This Court's jurisdiction extends to final judgments. See LSA-C.C.P. art. 2033. A judgment must be precise, definite, and certain. Vanderbrook v. Coachmen Industries. Inc., 2001-0809 (La. App. 1st Cir. 5/10/02), 818 So. 2d 906, 913. A final appealable judgment must contain decretal language, and it must name the party in favor of whom the ruling is ordered, the party against whom the ruing is ordered, and the relief that is granted or denied. Johnson v. Mount Pilgrim Baptist Church, 2005-0337 (La.
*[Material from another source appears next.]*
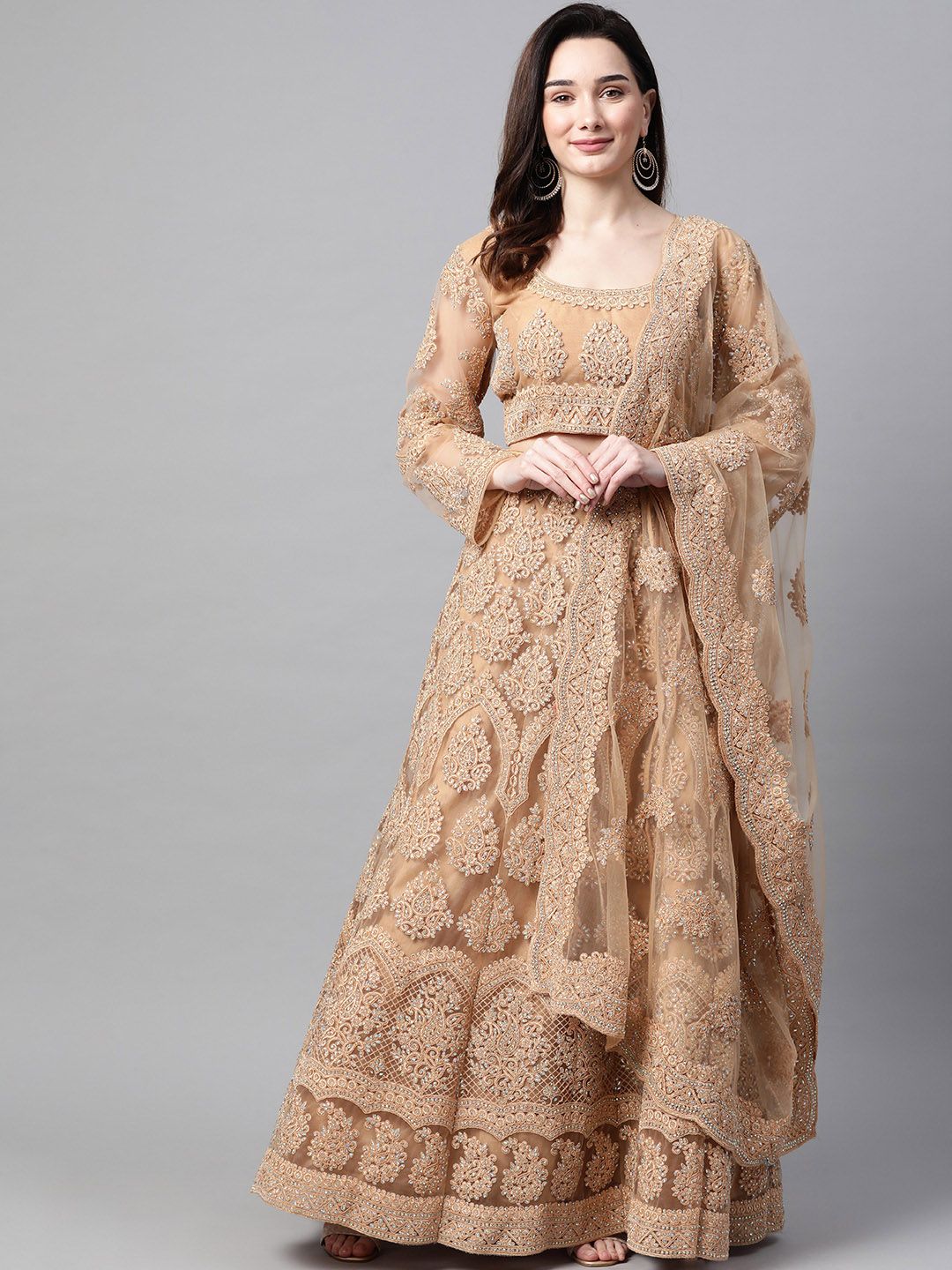 Readiprint Fashions Golden Semi-Stitched Lehenga & Unstitched Blouse With Dupatta Price in India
App. 1st Cir. 3/24/06), 934 So. 2d 66, 67. A judgment that grants an exception of no cause of action, yet fails to contain decretal language, cannot be considered as a final judgment for purpose of an immediate appeal. See Johnson v. Mount Pilgrim Baptist Church, 934 So. 2d at67. Because the May 22, 2012 judgment does not contain proper decretal language, it is defective and cannot be considered as a final appealable judgment for purposes of an immediate appeal. See LSA-C.C.P. art. 1915(B).

However, as this Court has previously held, when an unrestricted appeal is taken from a final judgment, the appellant is entitled to seek review of all adverse interlocutory judgments prejudicial to him, in addition to the review of the final judgment. Judson v. Davis, 2004-1699 (La. App. 1st Cir. 6/29/05), 916 So. 2d 1106, 1112-1113, writ denied, 2005-1998 (La. 2/10/06), 924 So. 2d 167. Thus, since plaintiff's entire suit was ultimately dismissed by the trial court in the November 29, 2012 appealable judgment before us on review, she is entitled to seek review of all adverse interlocutory judgments prejudicial to her. As such, her challenge to the trial court's granting of LMRMA's exception of no cause of action is properly before us in this appeal.
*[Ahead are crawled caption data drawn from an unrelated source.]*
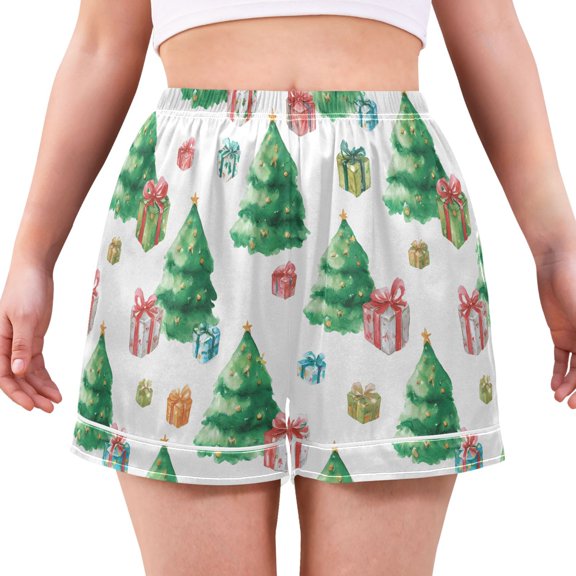 Women's Silk Pajama Shorts Christmas Tree with Gift Pajama Shorts Women's Casual Pajama Shorts with Pockets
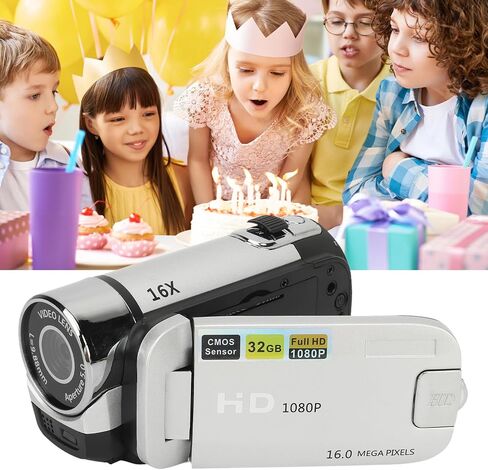 Bewinner D90 Digital Video Camera - 1080P 16MP Handheld Video Camcorder 16x Digital Zoom Video Camera with 2.7in TFT Rotatable Screen, HD Video Recorder Camera with Fill Light (Silver) in Kuwait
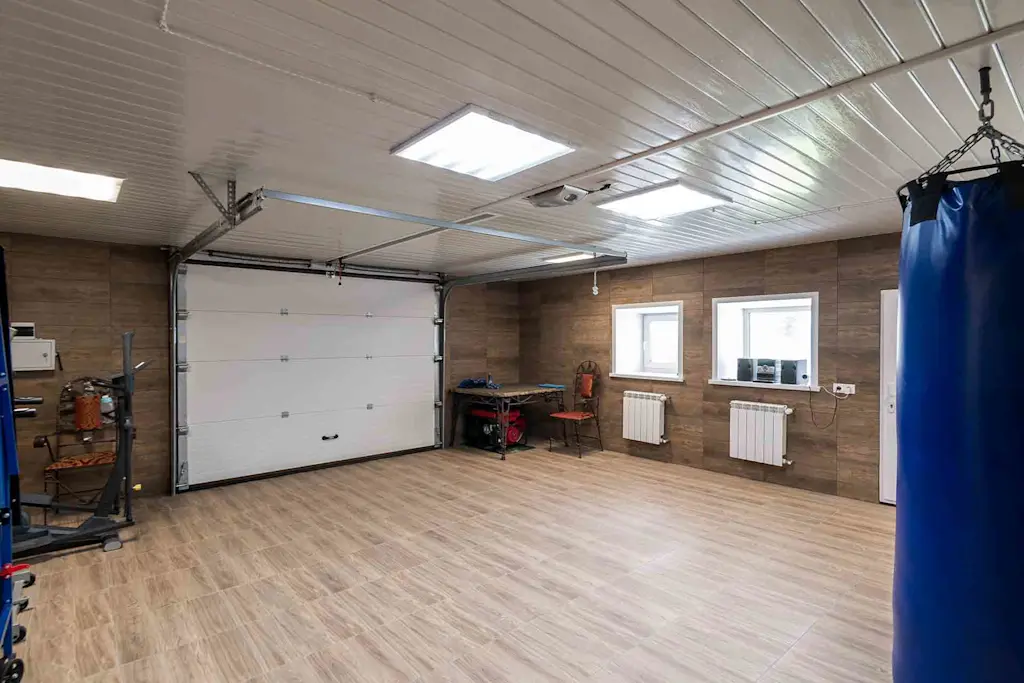 LED panel lights in a large garage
With regard to Kennett's contention that the trial court erred in maintaining LMRMA's exception, we note that the objection that a petition fails to state a cause of action is properly raised by the peremptory exception. LSA-C.C.P. art. 927(A)(5). The purpose of the peremptory exception raising the objection of no cause of action is to test the legal sufficiency of a petition by determining whether the law affords a remedy on the facts alleged in the pleading. Ourso v. Wal-Mart Stores. Inc., 2008-0780 (La. App. 1st Cir. 11/14/08), 998 So. 2d 295, 298, writ denied, 2008-2885 (La. 2/6/09), 999 So. 2d 785.
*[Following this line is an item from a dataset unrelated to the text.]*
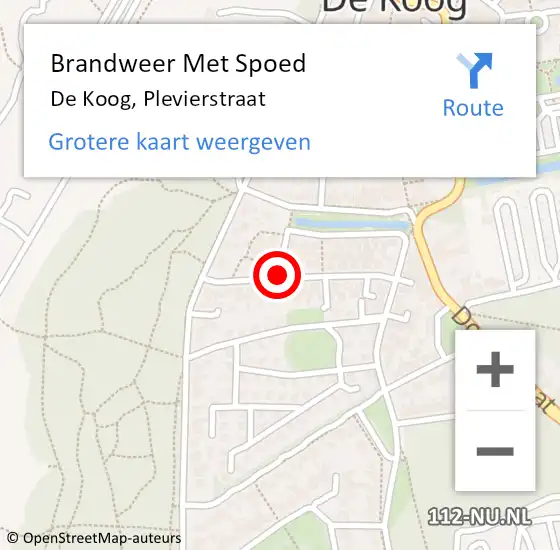 Locatie op kaart van de 112 melding: Brandweer Met Spoed Naar De Koog, Plevierstraat op 25 juli 2015 16:45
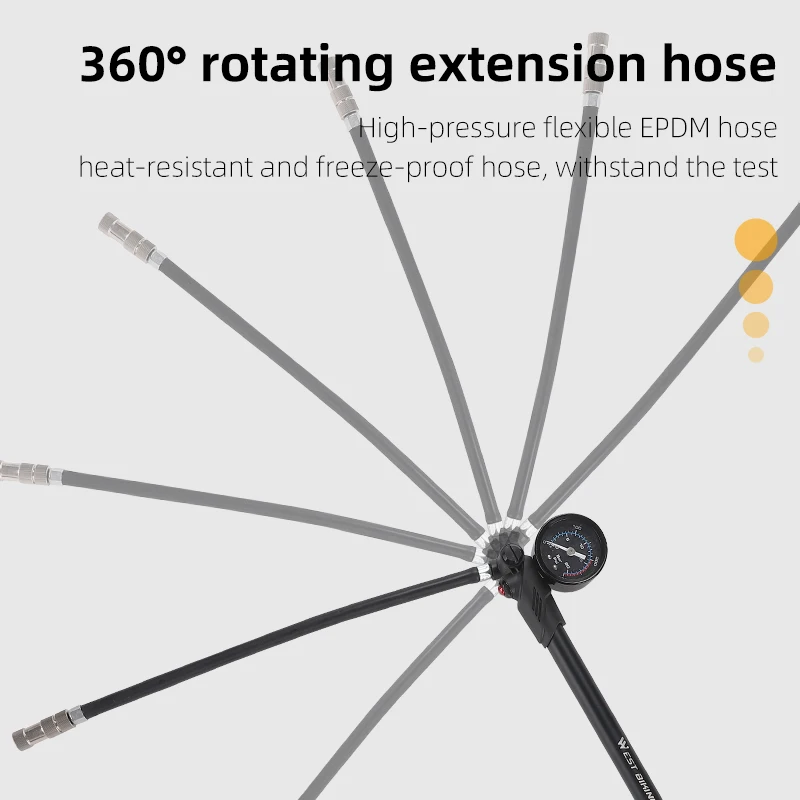WEST BIKING 300PSI High Pressure Bike Air Pump With Gauge Road Bike Tire Inflator for Fork & Rear Suspension Mountain Bicycle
Generally, no evidence may be introduced to support or controvert the objection that the petition fails to state a cause of action. LSA-C.C.P. art. 931. However, as set forth in City National Bank of Baton Rouge v. Brown, 599 So. 2d 787, 789 (La. App. 1st Cir.), writ denied, 604 So. 2d 999 (La. 1992), the jurisprudence has recognized an exception to this rule, which allows the court toconsider evidence which is admitted without objection to enlarge the pleadings. Treasure Chest Casino. L.L.C. v. Parish of Jefferson, 96-1010 (La. App. 1st Cir. 3/27/97), 691 So. 2d 751, 754, writ denied, 97-1066 (La. 6/13/97), 695 So. 2d 982. Otherwise, the exception is triable on the face of the pleadings, and, for the purposes of determining the issues raised by the exception, the well-pleaded facts in the petition must be accepted as true. The court must determine if the law affords plain...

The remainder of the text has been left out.